==== Data for processing

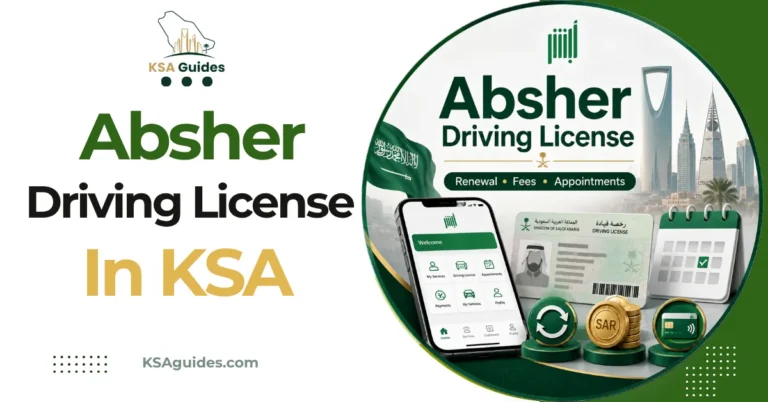 Absher driving license renewal Moroor appointment Saudi Arabia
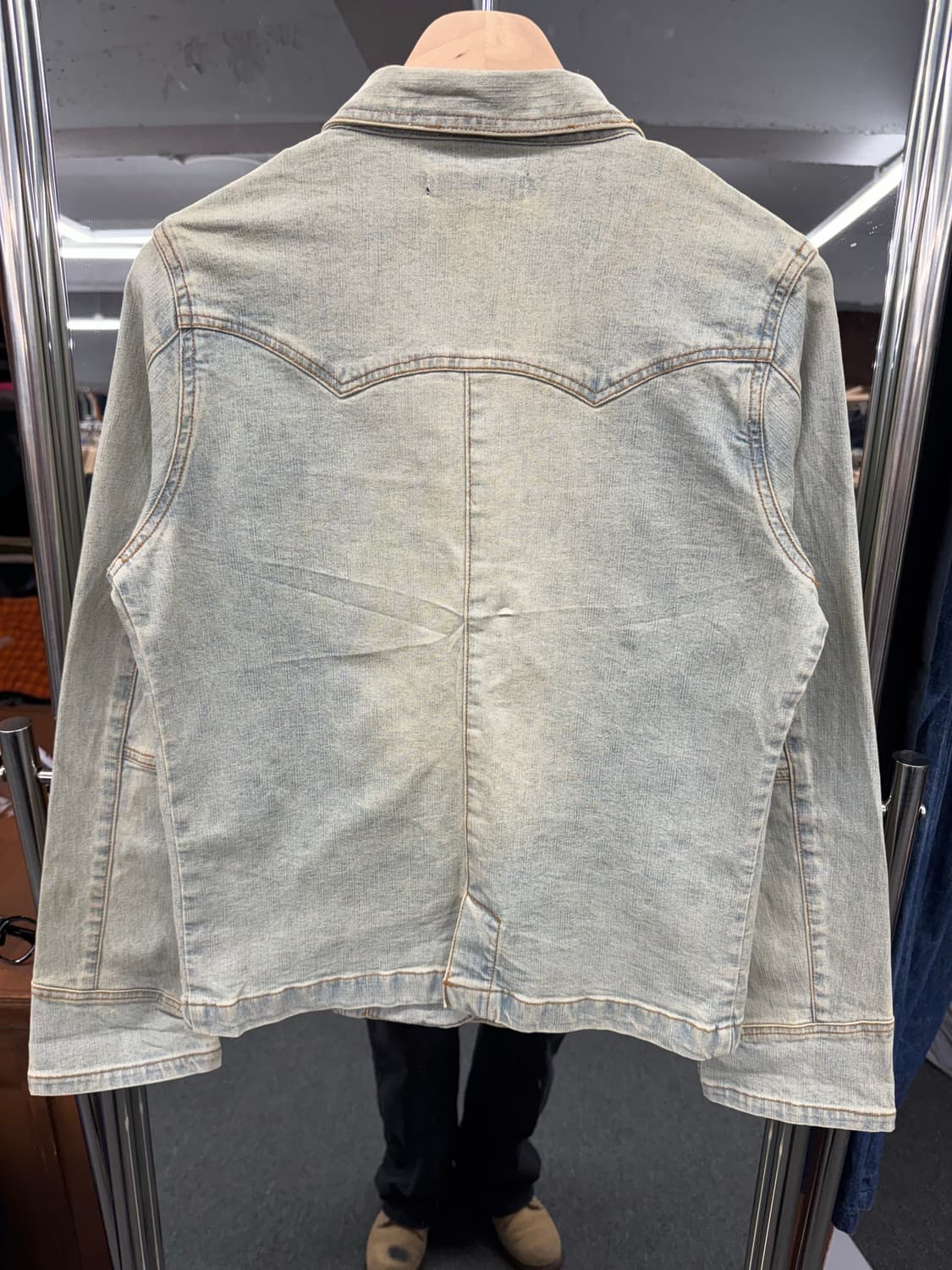 japanese vintage L.B.F 여성 데님자켓 상품이미지4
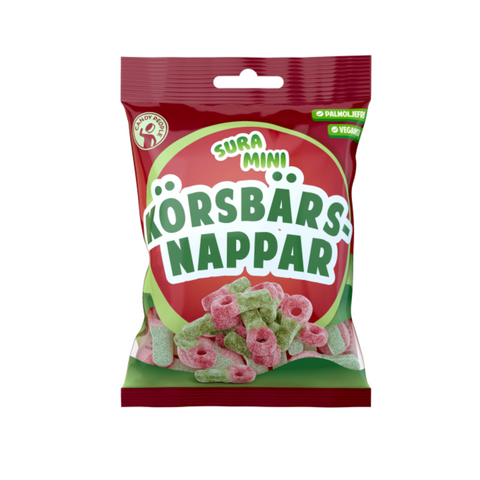 Candy People Sour Mini Cherry Snaps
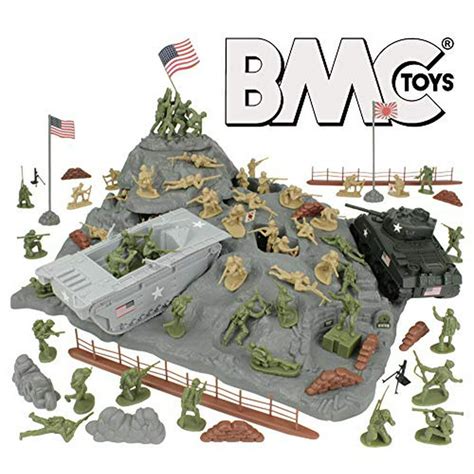 Bmc Ww2 Iwo Jima Plastic Army Men Island, Tanks & Soldiers 72Pc Playset ...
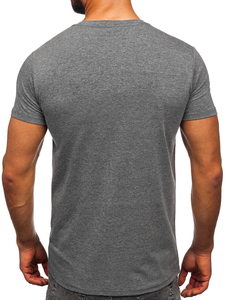 T-shirt con taschino con stampa mimetica da uomo grafite Bolf 8T85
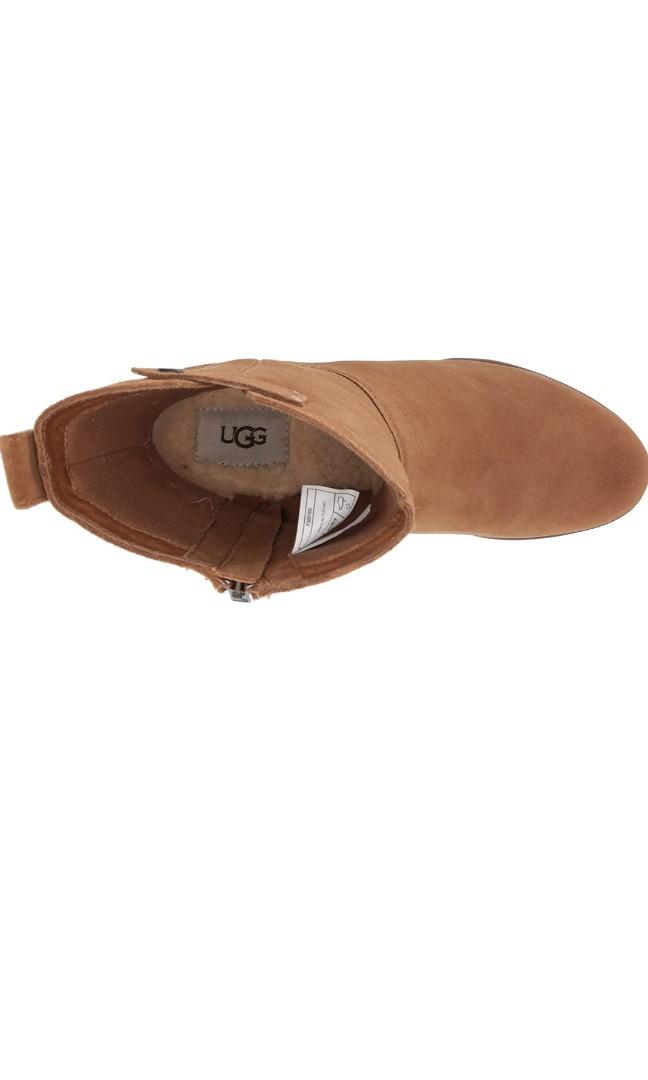 Ugg womens potrero waterproof store leather wedge boots black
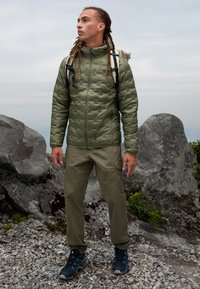 Salomon X ULTRA 4 GORE TEX - Hiking shoes - carbon bering sea pearl blue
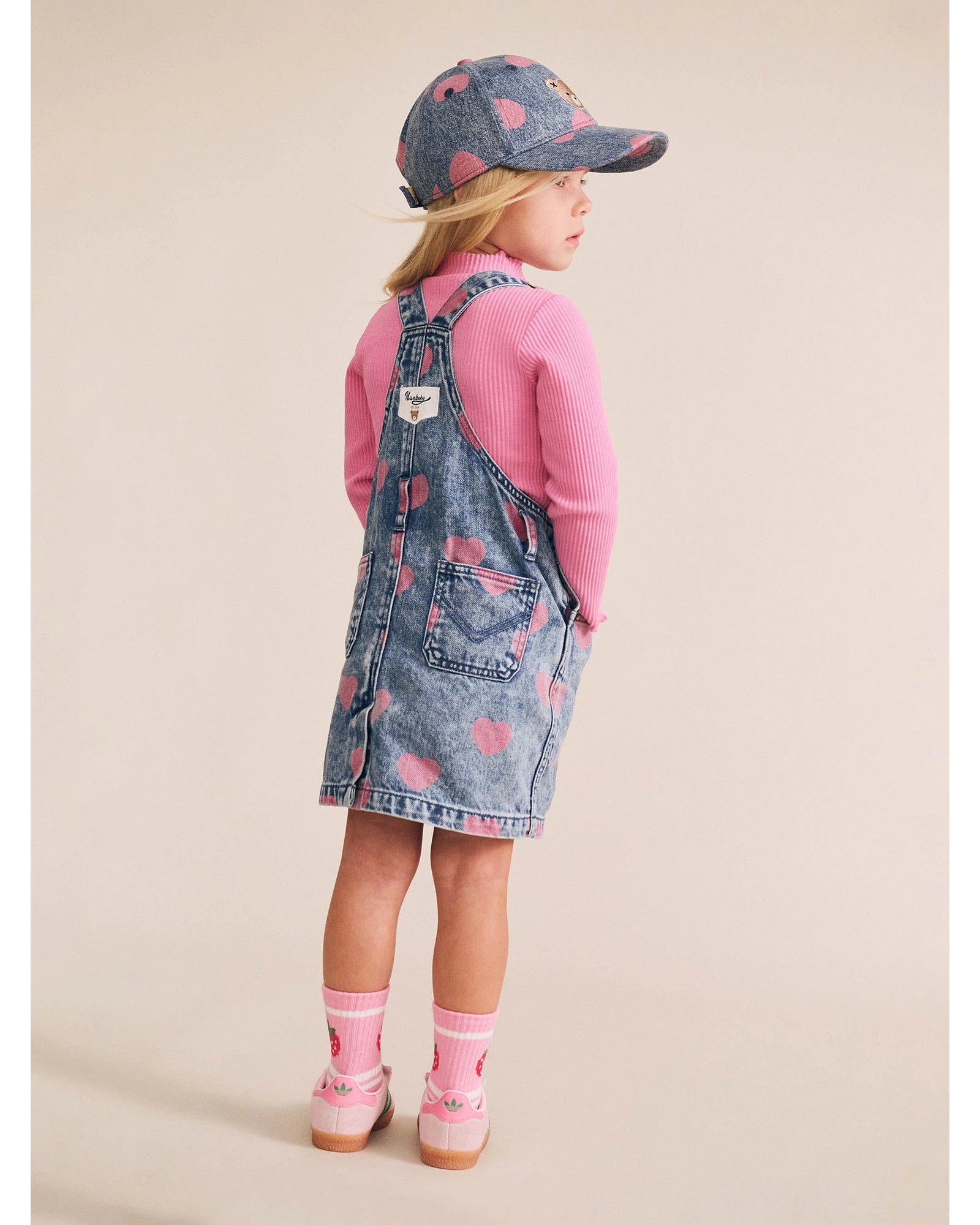 Dreamy Denim Hearts Pinafore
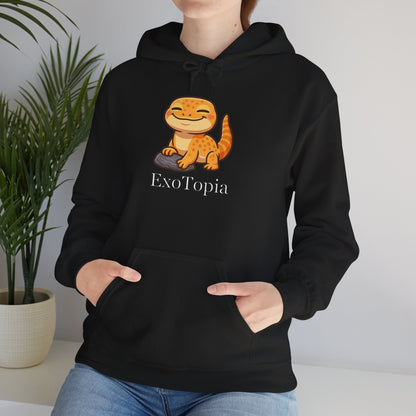 ExoTopia Hoodie - Cute Smiling Lizard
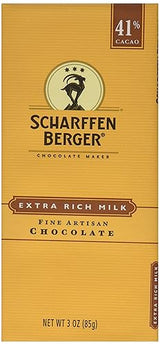 Scharffen Berger, Milk Chocolate Bar 41%, 3 oz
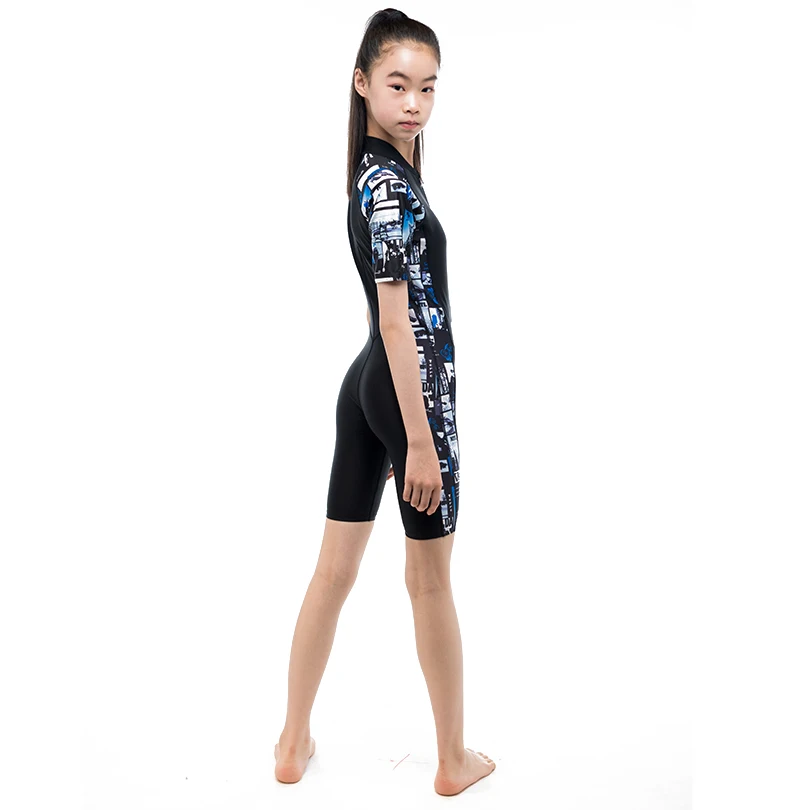 Girls swimming One piece swimsuit Comfortable and quick to dry High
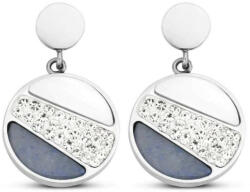 Victoria Ezüst színű köves, mintás fülbevaló - lord
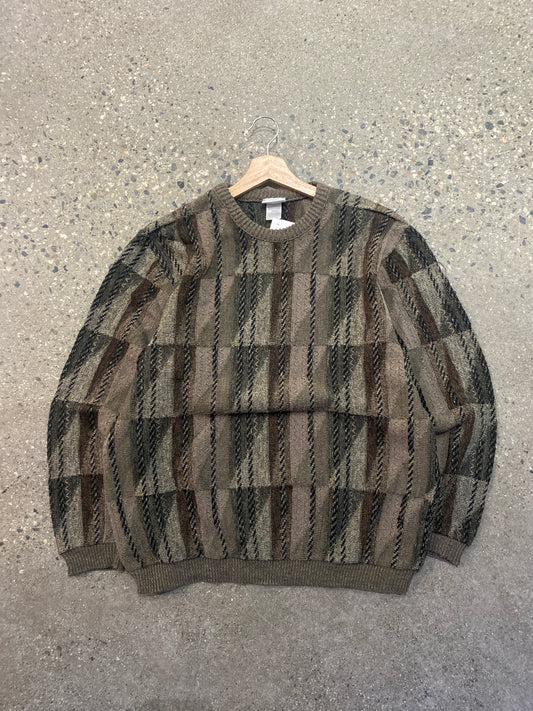 (M/L) Outline Textured Knit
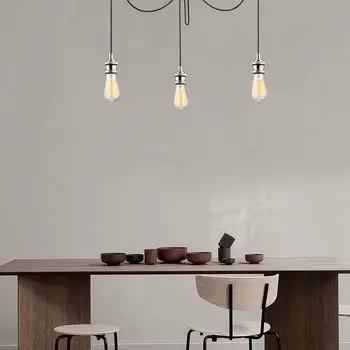 Opviq, Kabluni- Kabluni NTD, хром, люстра, 96 х 6 см, корпус металл, серебро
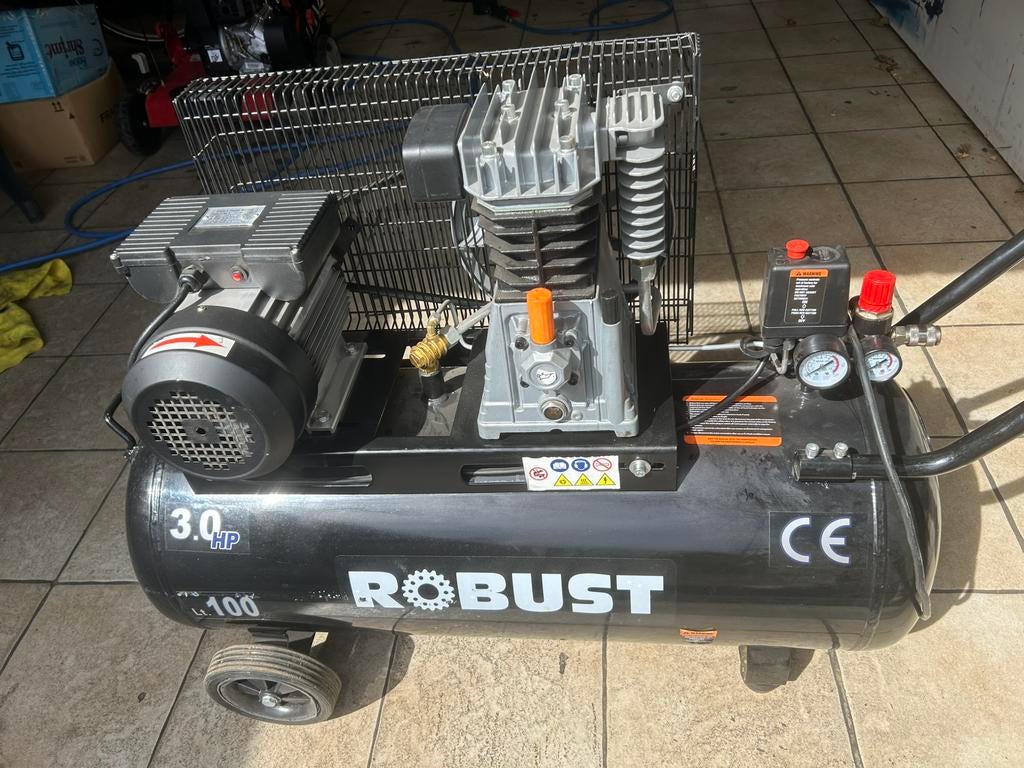 Compressor 100L 3Hp 2.2kW Robust, Enlèvement, Comme neuf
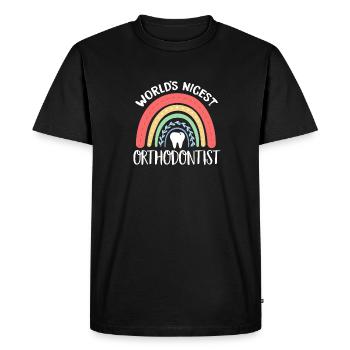 Orthodontist Dentist Orthodontics The beautiful - Men's Premium Organic T-Shirt - black - Front - Nico (187cm)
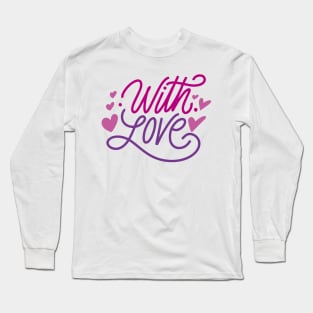 happy valentine day with love 2023 Long Sleeve T-Shirt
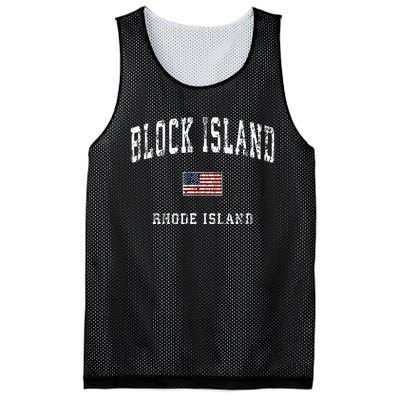 Block Island Rhode Island Ri Vintage American Flag Sports Mesh Reversible Basketball Jersey Tank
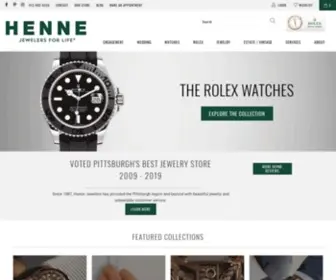 Hennejewelers.com(Henne Jewelers) Screenshot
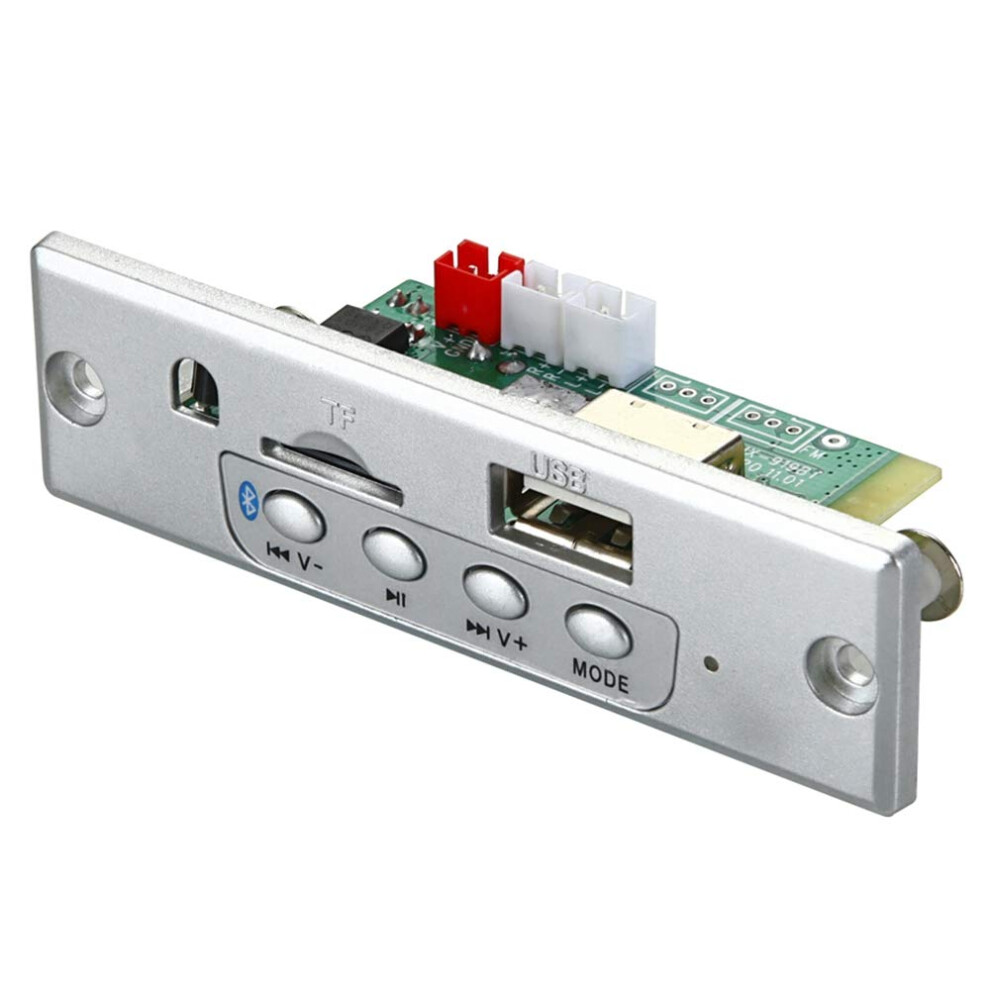 2X25w Amplifier Mp3 Player Decoder Board 6V-12V Bluetooth 5.0 Car Fm Radio Module Support Tf Usb Aux 9323874062716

========

## Your task
I need the lines from the one containing "Scharffen Berger, Milk" through the end of the records retyped exactly, with the pictures left out.

## Response box
 Scharffen Berger, Milk Chocolate Bar 41%, 3 oz
 Girls swimming One piece swimsuit Comfortable and quick to dry High
 Victoria Ezüst színű köves, mintás fülbevaló - lord
 (M/L) Outline Textured Knit
 Opviq, Kabluni- Kabluni NTD, хром, люстра, 96 х 6 см, корпус металл, серебро
 Compressor 100L 3Hp 2.2kW Robust, Enlèvement, Comme neuf
 Orthodontist Dentist Orthodontics The beautiful - Men's Premium Organic T-Shirt - black - Front - Nico (187cm)
 happy valentine day with love 2023 Long Sleeve T-Shirt
 Block Island Rhode Island Ri Vintage American Flag Sports Mesh Reversible Basketball Jersey Tank
 Hennejewelers.com(Henne Jewelers) Screenshot
 2X25w Amplifier Mp3 Player Decoder Board 6V-12V Bluetooth 5.0 Car Fm Radio Module Support Tf Usb Aux 9323874062716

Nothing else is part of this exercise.